IoT ensures data can be transferred and received over a network without the need for any human involvement, thus raising the bar for faster service and greater value. And there’s plenty to mine with the explosion of the structured, semi-structured and unstructured information known as big data. But while the integrated infrastructure mentioned above is certainly well suited to handle emerging trends, there’s still one missing element that must fall into place: Automation.

In reality, the network is trending toward automation– managing and making changes without the help of IT. Since data is now being provided to the customer as a service (evidenced by such open-source frameworks as Hadoop), the network must develop a “brain” to better ensure performance, reliability and availability. In the future, the network will become even more predictive and actionable, responding and changing the environment even before there’s an issue.

An article in InformationWeek correctly points out: “The fact is, computers respond more quickly to changing conditions than people can ever hope to. And if we can detect infrastructure problems in real-time, we can orchestrate a response that occurs before anyone notices.”

This automation saves companies big money. The Ponemon Institute reports unplanned downtime is pegged at nearly $8,000 per minute. With the average recovery time of 119 minutes, companies are faced with losing more than $900,000 for a typical outage.

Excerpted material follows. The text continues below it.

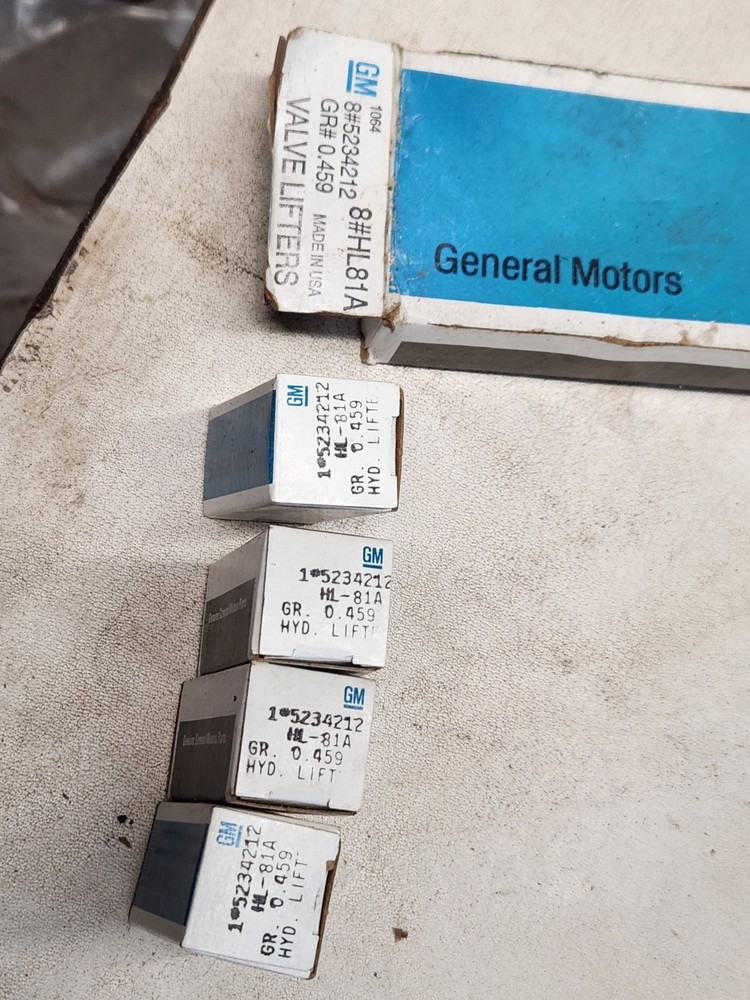 NOS GM  Hydraulic Lifters (4)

In a world where organizations are rapidly evolving and trying to stay competitive, this cost can cripple their chances for survival.

Even worse, data loss has the potential to actually put a company out of business. Gartner Group notes more than 40 percent of companies shut their doors following a major loss of computer records, while more than 50 percent went out of business within two years. That’s only a 6 percent survival rate.

These risks are the primary reasons why evolution of automation – fueled by such technologies as SDN– is becoming so important. In fact, highly integrated and automated infrastructures are proving their worth across the industry at such companies as Microsoft, Google and Facebook.

It’s been widely reported that Google is leveraging an SDN-like solution based on OpenFlow to more effectively interconnect its data centers. It’s being touted as a proof-of-concept that the technology has finally come of age. Led by the automation it brings, companies like Google are able to minimize downtime and keep critical business services up and running at record speeds. These same techniques are being adopted by many mid- and large-sized businesses as well.

The future of today’s network is now. As the cloud and network layers merge–and companies hope to leverage such opportunities as IoT and big data–the need is clear: Develop an infrastructure that is more automated, making its own decisions and freeing staff to focus on building new strategies for the future. This might actually mean the network is developing a brain all its own. And while we may not be at “Judgment Day” like “The Terminator” predicts, this thinking machine is definitely becoming more of a reality.